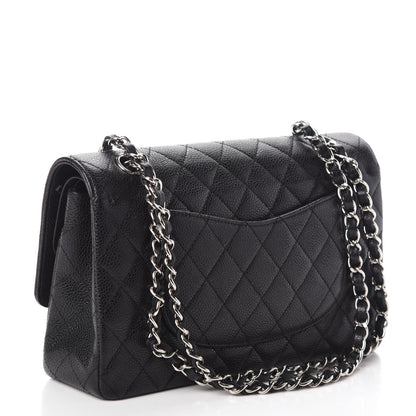 Chanel Caviar Quilted Medium Double Flap Black 3 of 10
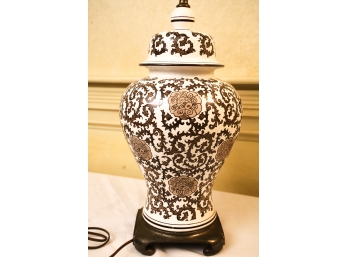 Antique Asian Urn Lamp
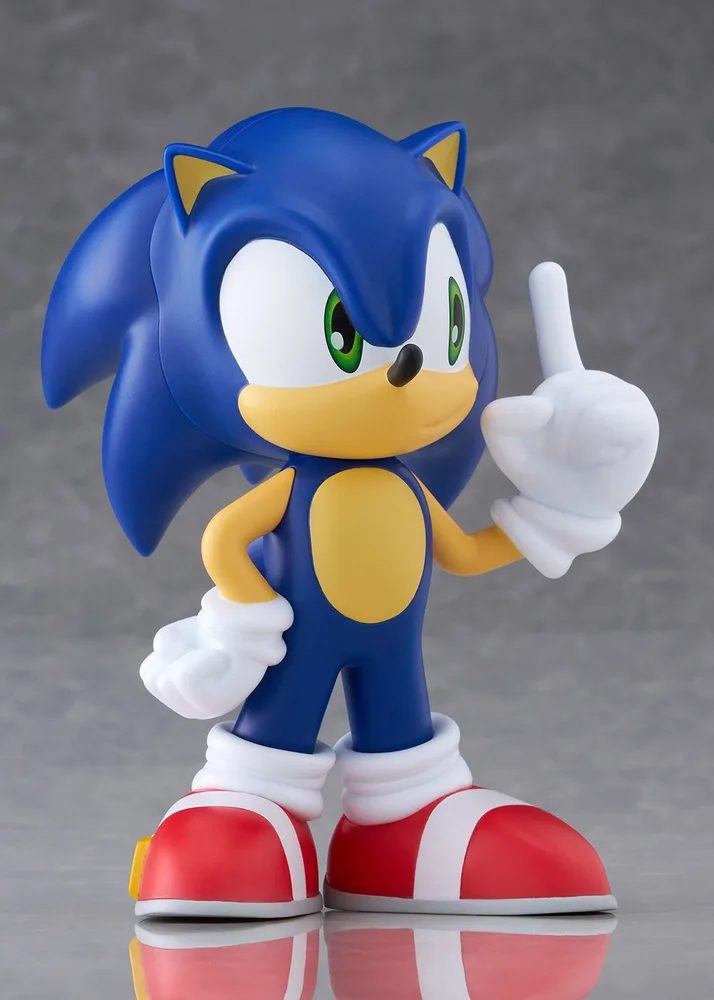 SoftB Half Sonic the Hedgehog Pre-Painted Figure: Sonic the Hedgehog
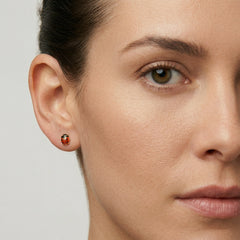 Goldene Marienkäfer-Stift-Ohrringe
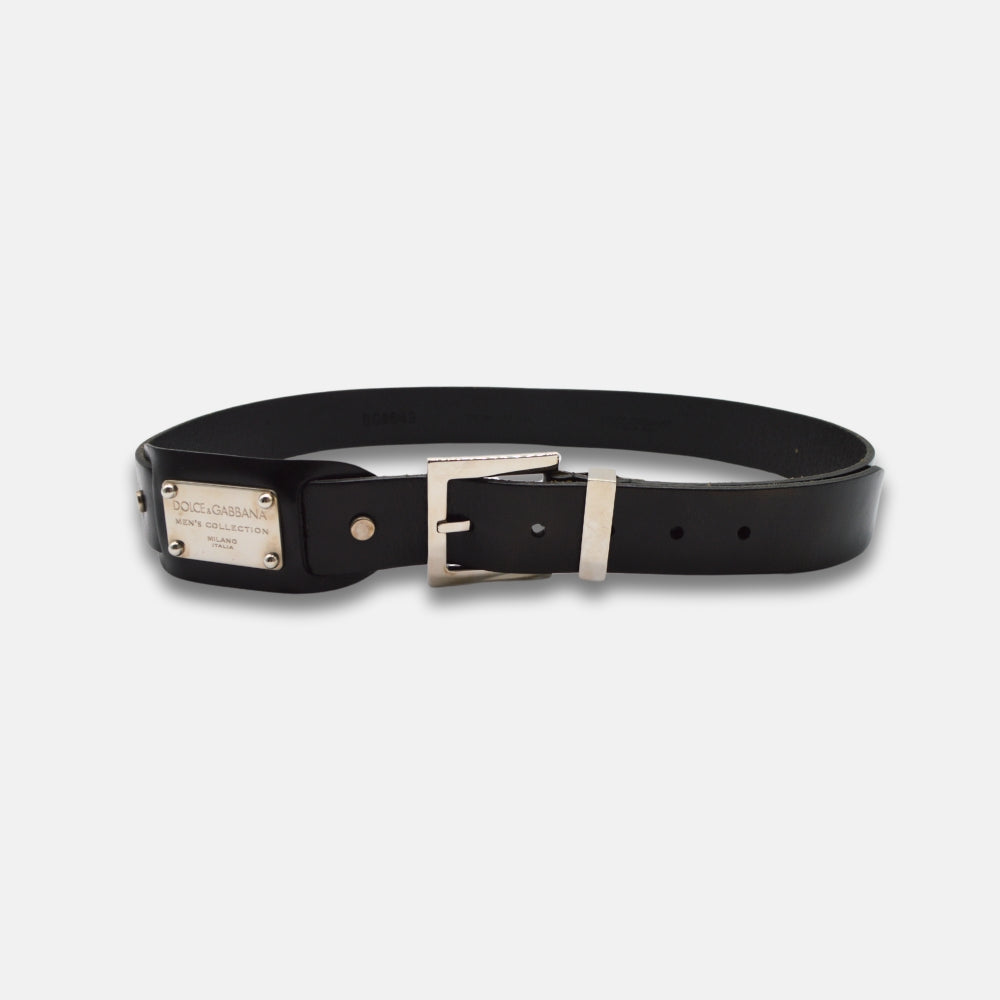 Black Leather Belt (90 cm)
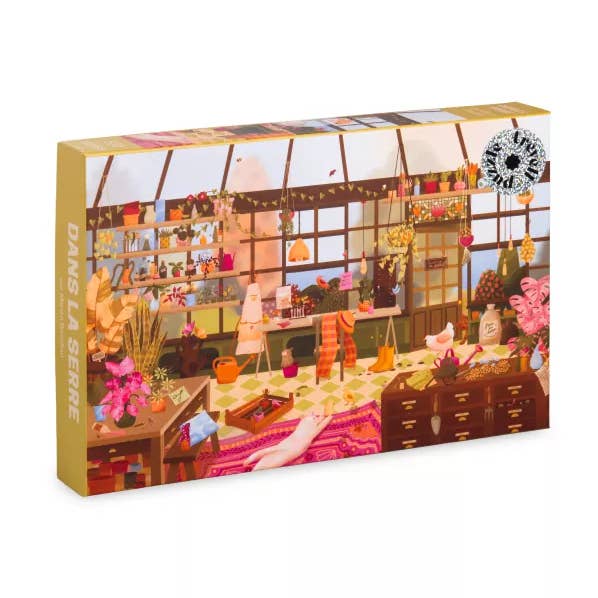 Puzzle Dans la Serre – Trevell – 1000 pièces pour la vente par Trevell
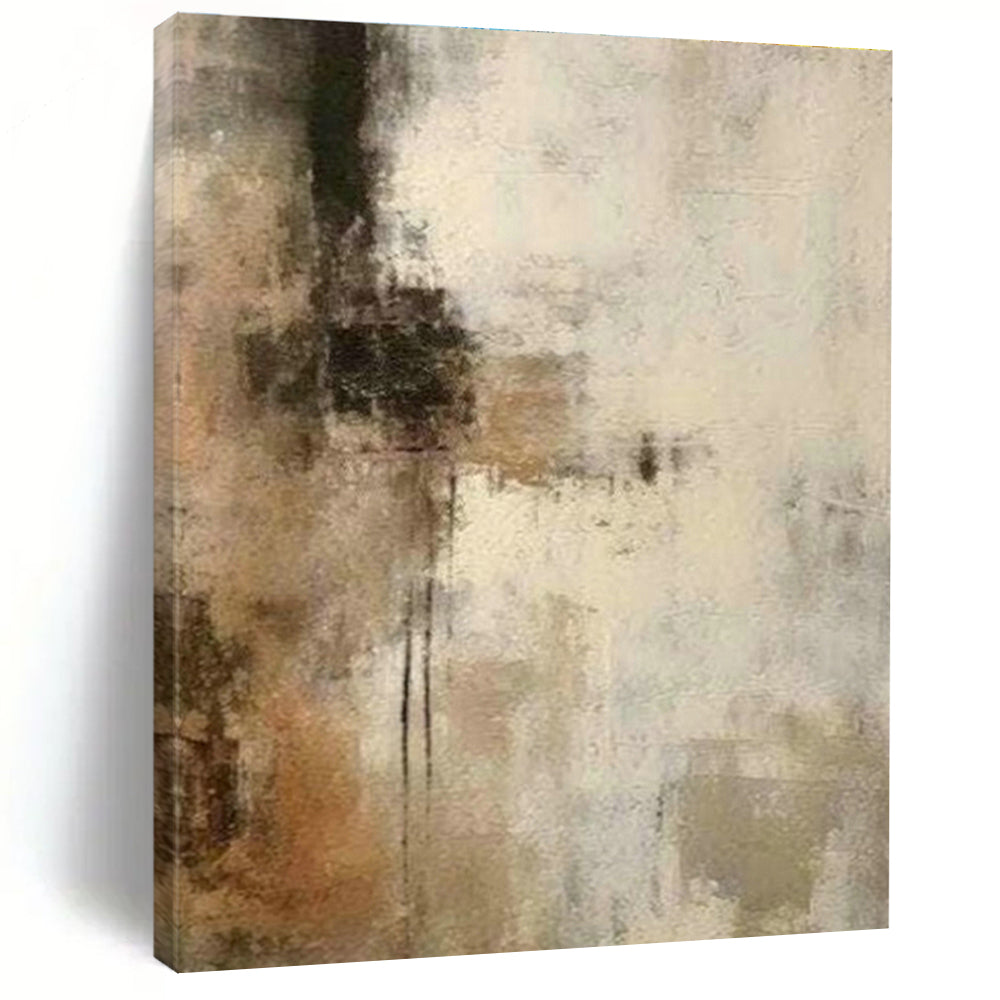 Brown - Gray Abstract Art for Living Room & Office DLZ0383
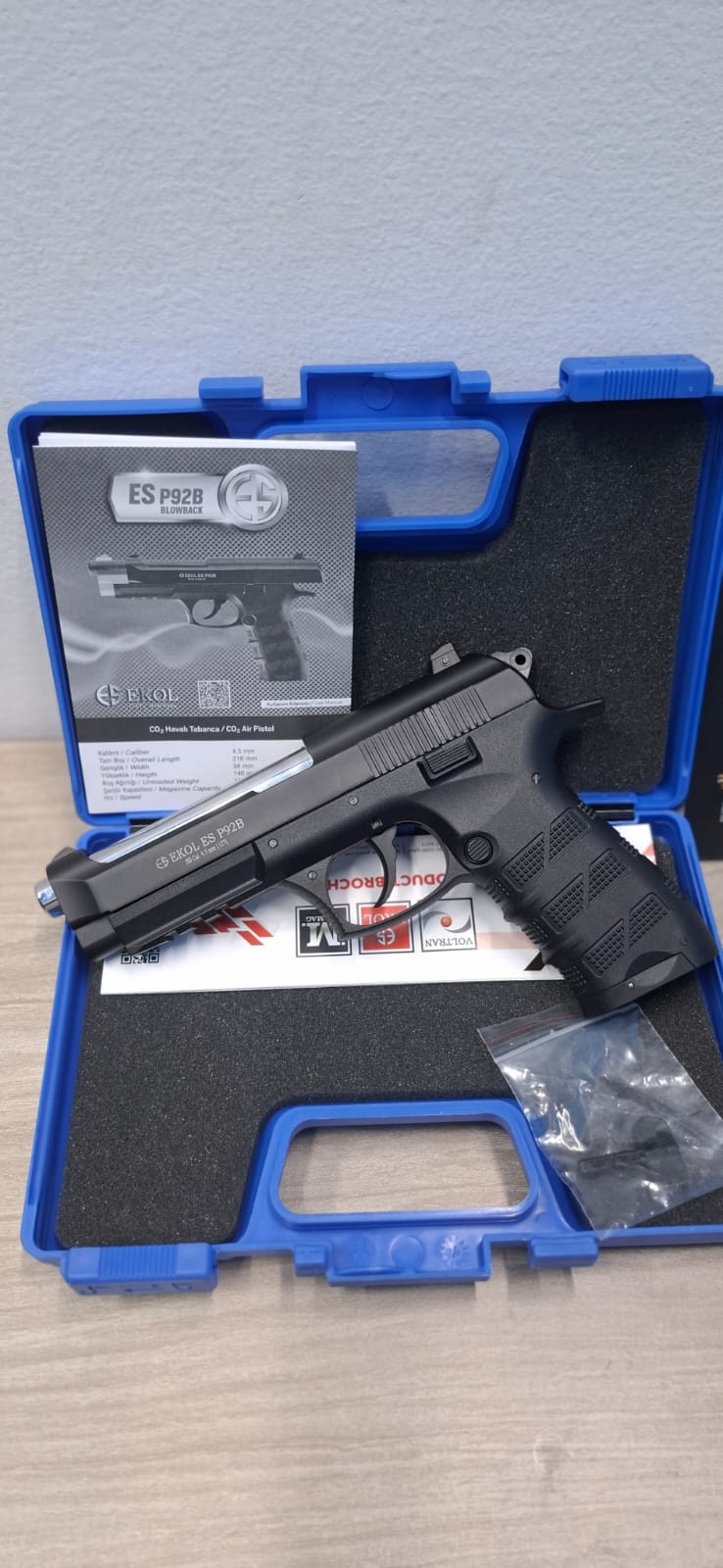 PISTOLA CO2 ES P92B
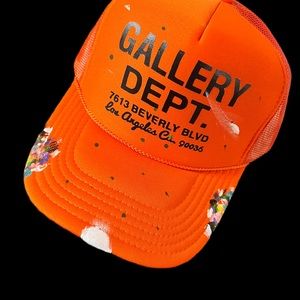 Custom inspired Gallery Dept paint trucker Hat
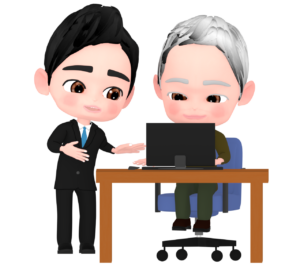 パソコン教室のイラスト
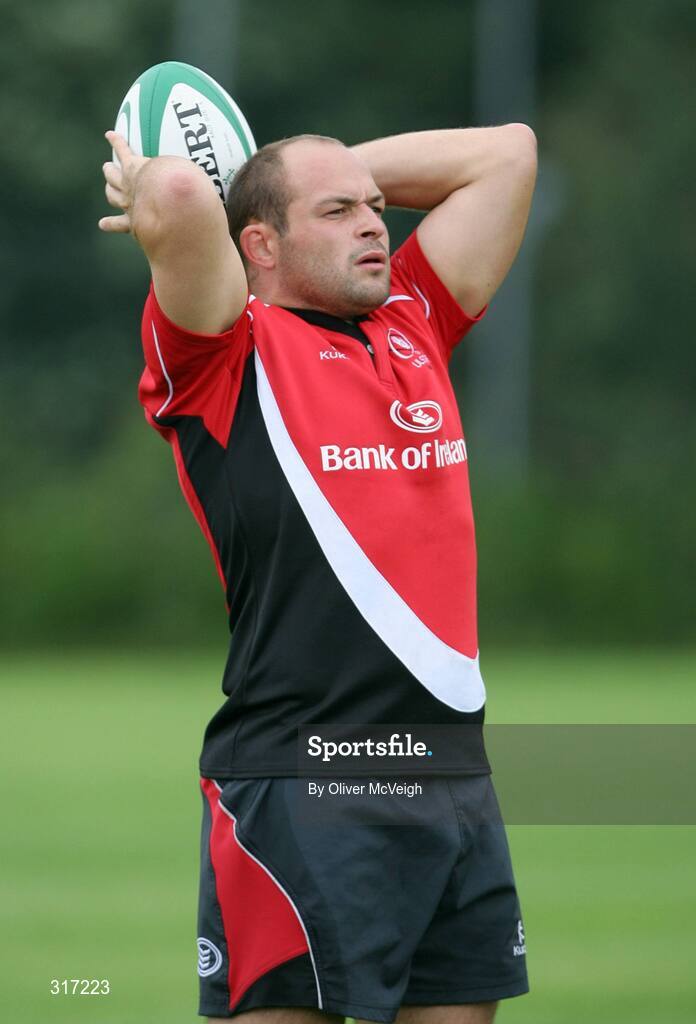 19 August 2008; Ulster's Rory Best in action during a squad training session. Ulster Rugby Squad Training Session, Newforge Country Club, Belfast, Co Antrim. Picture credit; Oliver McVeigh / SPORTSFILE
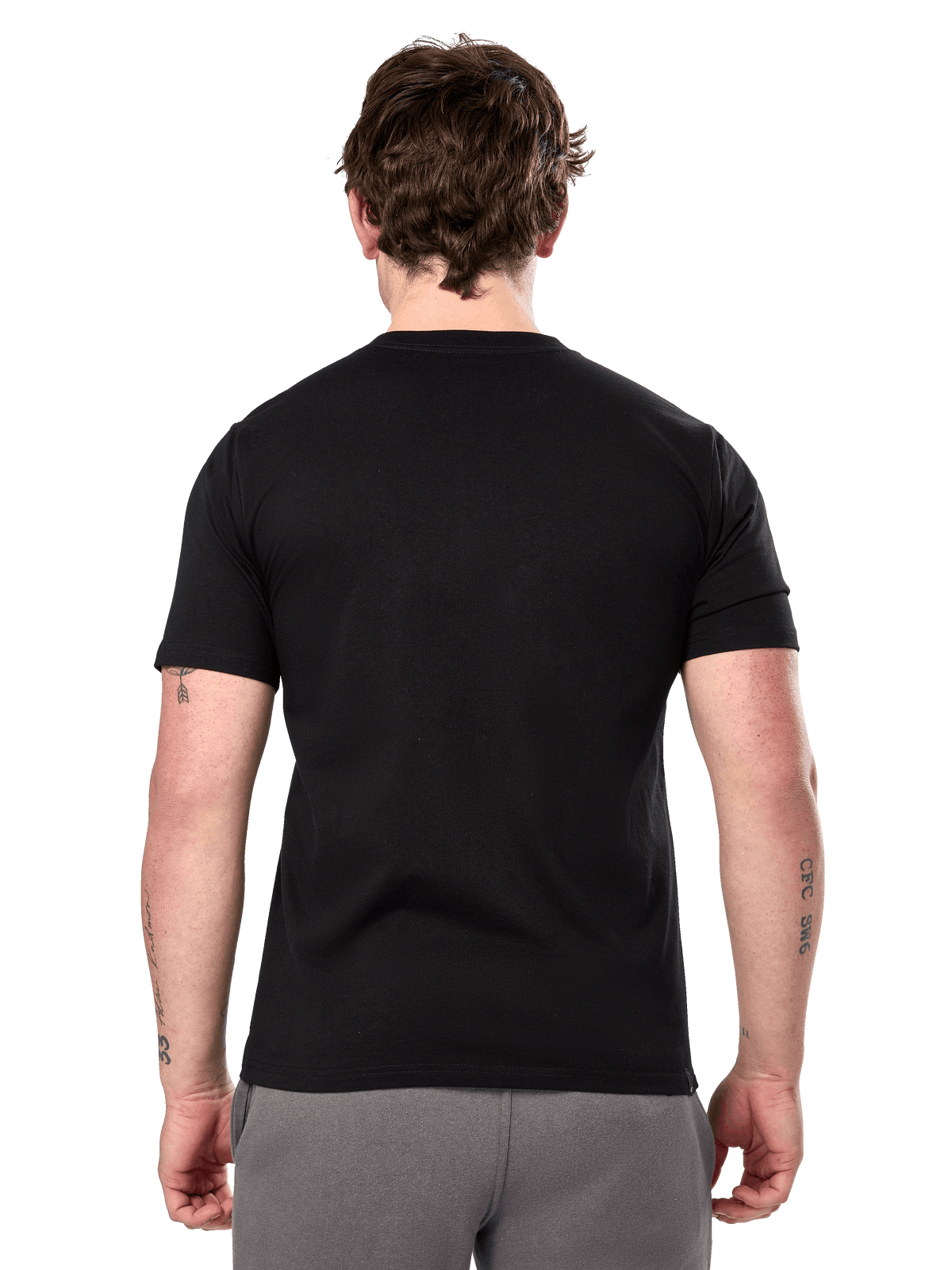 Alpinestars Prevail CSF T-Shirt, Kurzarm-T-Shirt, Schwarz, Rückansicht mit schlichtem Design, lässige Motorsport-Streetwear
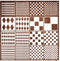 12Pcs Checks Diamond Stencils, Harlequin Checkerboard Stencils Assorted Sizes Square Diamond Shape Templates Reusable Diamond Checks Stencil for P...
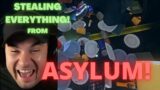 Stealing everything on ASYLUM PRO! | Phasmophobia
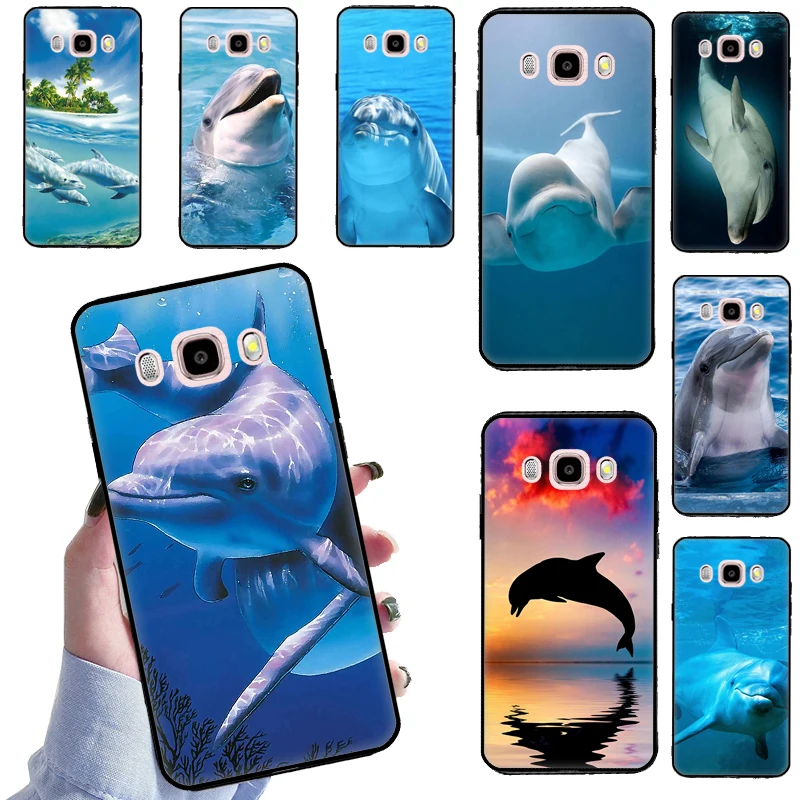 Cute Dolphin Animal Case For Samsung J1 J3 J5 J7 2016 A3 A5 2017 A7 A9 A6 A8 J4 J6 Plus J8 2018 Phone Cover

> What to work on
Once the line with "SoftB Half Sonic" is found, write out that line and every later line of the listing above exactly, through the last one, and skip any pictures.

> Result of this exercise
 SoftB Half Sonic the Hedgehog Pre-Painted Figure: Sonic the Hedgehog
 Goldene Marienkäfer-Stift-Ohrringe
 Black Leather Belt (90 cm)
 Puzzle Dans la Serre – Trevell – 1000 pièces pour la vente par Trevell
 Brown - Gray Abstract Art for Living Room & Office DLZ0383
 PISTOLA CO2 ES P92B
 Custom inspired Gallery Dept paint trucker Hat
 パソコン教室のイラスト
 19 August 2008; Ulster's Rory Best in action during a squad training session. Ulster Rugby Squad Training Session, Newforge Country Club, Belfast, Co Antrim. Picture credit; Oliver McVeigh / SPORTSFILE
 Alpinestars Prevail CSF T-Shirt, Kurzarm-T-Shirt, Schwarz, Rückansicht mit schlichtem Design, lässige Motorsport-Streetwear
 12Pcs Checks Diamond Stencils, Harlequin Checkerboard Stencils Assorted Sizes Square Diamond Shape Templates Reusable Diamond Checks Stencil for P...
 Stealing everything on ASYLUM PRO! | Phasmophobia
 Cute Dolphin Animal Case For Samsung J1 J3 J5 J7 2016 A3 A5 2017 A7 A9 A6 A8 J4 J6 Plus J8 2018 Phone Cover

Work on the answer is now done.